*Exercise*.
All lines from the opening of the material up to and including the line with "Once you've logged" should be transcribed exactly, pictures excepted.

*Data extract*.
★ ★ ★ ★ ★

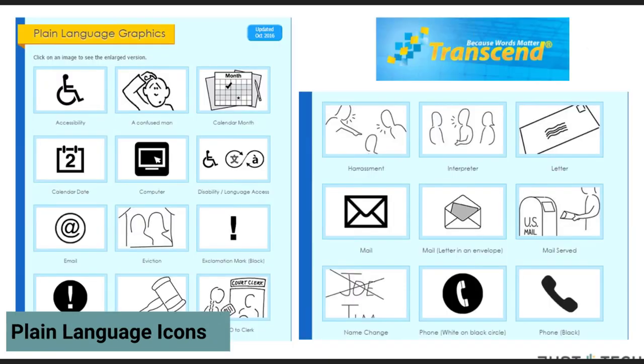This came across recently in a discussion on LSNTAP, but I figured I'd point it out again. Transcend Translation has been a fantastic partner to LawNY on the Plain Language Write Clearly and Read Clearly projects, but they have a series of plain language graphics that folks can use to help show different scenarios or situations. There's a whole movement around this, but this is just another resource for these. The more people use these particular icons, regardless of where they're coming from, the more recognizable they become.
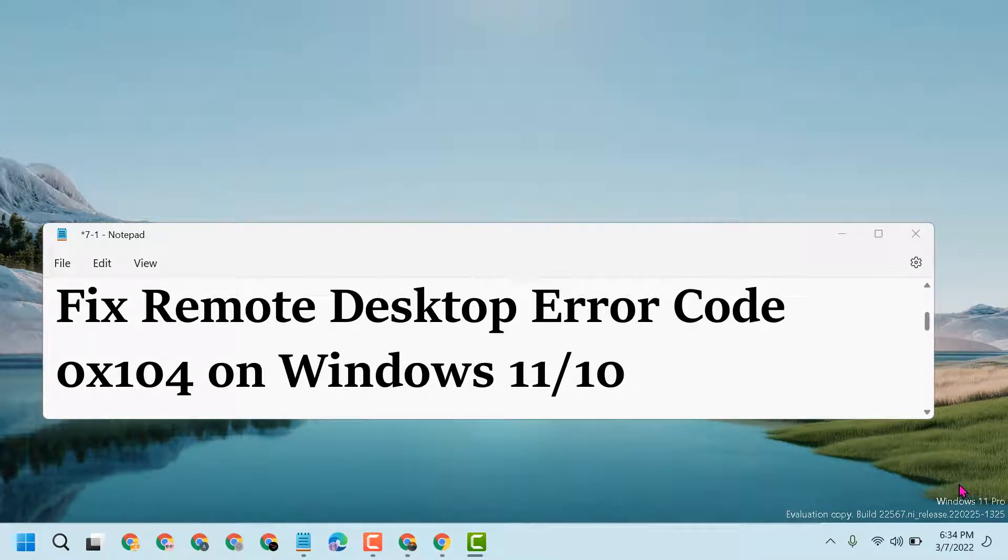Hello friends, today in this video I will show you how to fix Remote Desktop error code 0x104 on Windows 11 or 10.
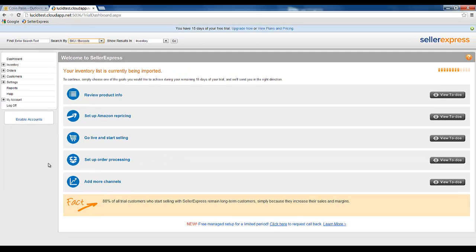Once you've logged into Seller Express for the first time, you'll be displayed a list of to-dos. These to-dos are our way of making setting up Seller Express as simple and easy as possible. Each section walks you through different parts of the software, explaining how it works and how you can make it work for you. If you don't want to do them now, that's no problem — you can come back at any point and the system will remember which to-dos you've done and which you haven't.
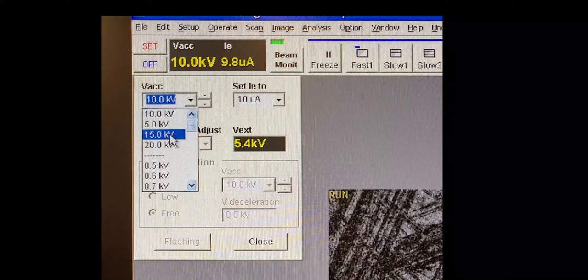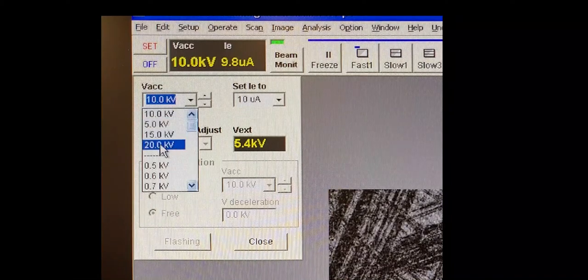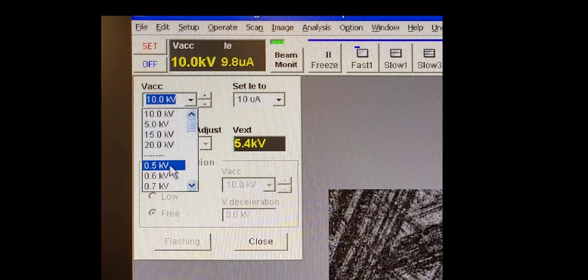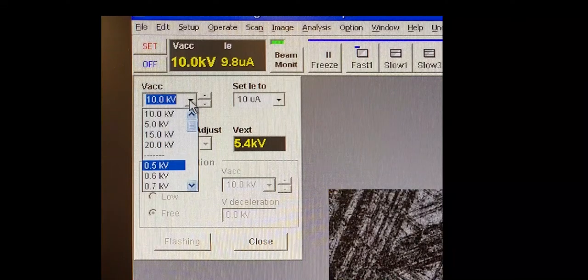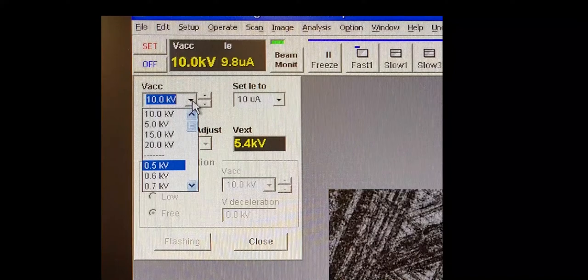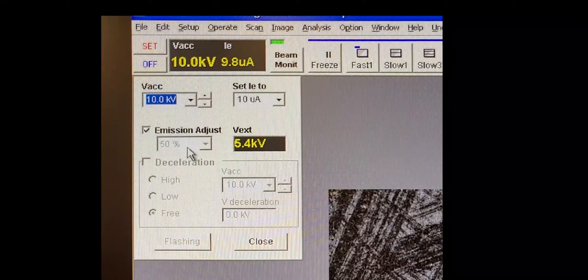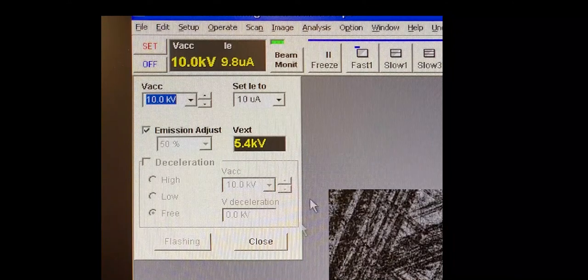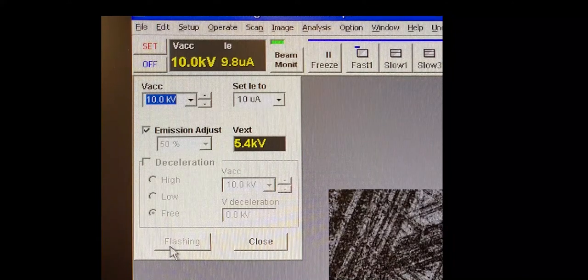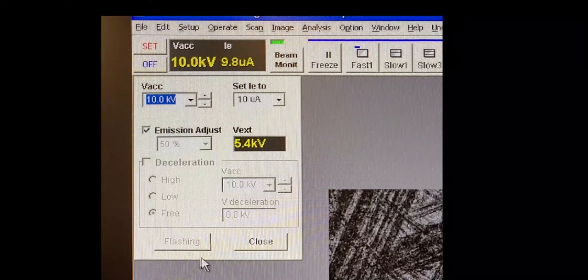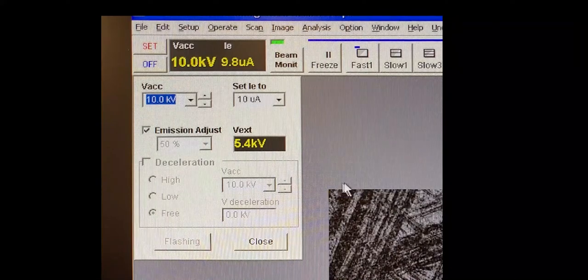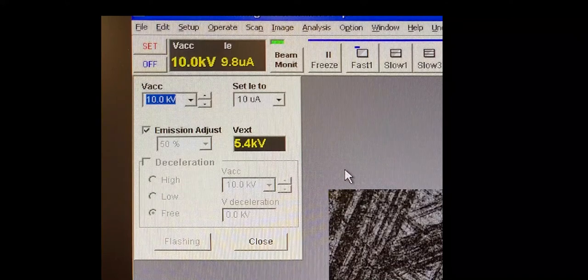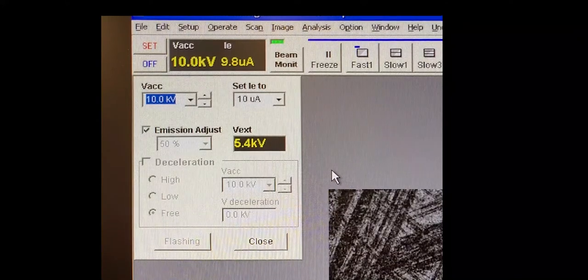If your sample has charge sensitivity, you may start at five. And just so you're aware, we can go even lower than five if needed. Make sure the emission adjust is checked. It should be at 50%. We don't usually change that. If the software ever asks you to flash the tip, you will turn off the high voltage, press the flashing button, and then execute. Once it's done, you can turn the voltage back on.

★ ★ ★ ★ ★

*Response for this exercise*.
This came across recently in a discussion on LSNTAP, but I figured I'd point it out again. Transcend Translation has been a fantastic partner to LawNY on the Plain Language Write Clearly and Read Clearly projects, but they have a series of plain language graphics that folks can use to help show different scenarios or situations. There's a whole movement around this, but this is just another resource for these. The more people use these particular icons, regardless of where they're coming from, the more recognizable they become.
Hello friends, today in this video I will show you how to fix Remote Desktop error code 0x104 on Windows 11 or 10.
Once you've logged into Seller Express for the first time, you'll be displayed a list of to-dos. These to-dos are our way of making setting up Seller Express as simple and easy as possible. Each section walks you through different parts of the software, explaining how it works and how you can make it work for you. If you don't want to do them now, that's no problem — you can come back at any point and the system will remember which to-dos you've done and which you haven't.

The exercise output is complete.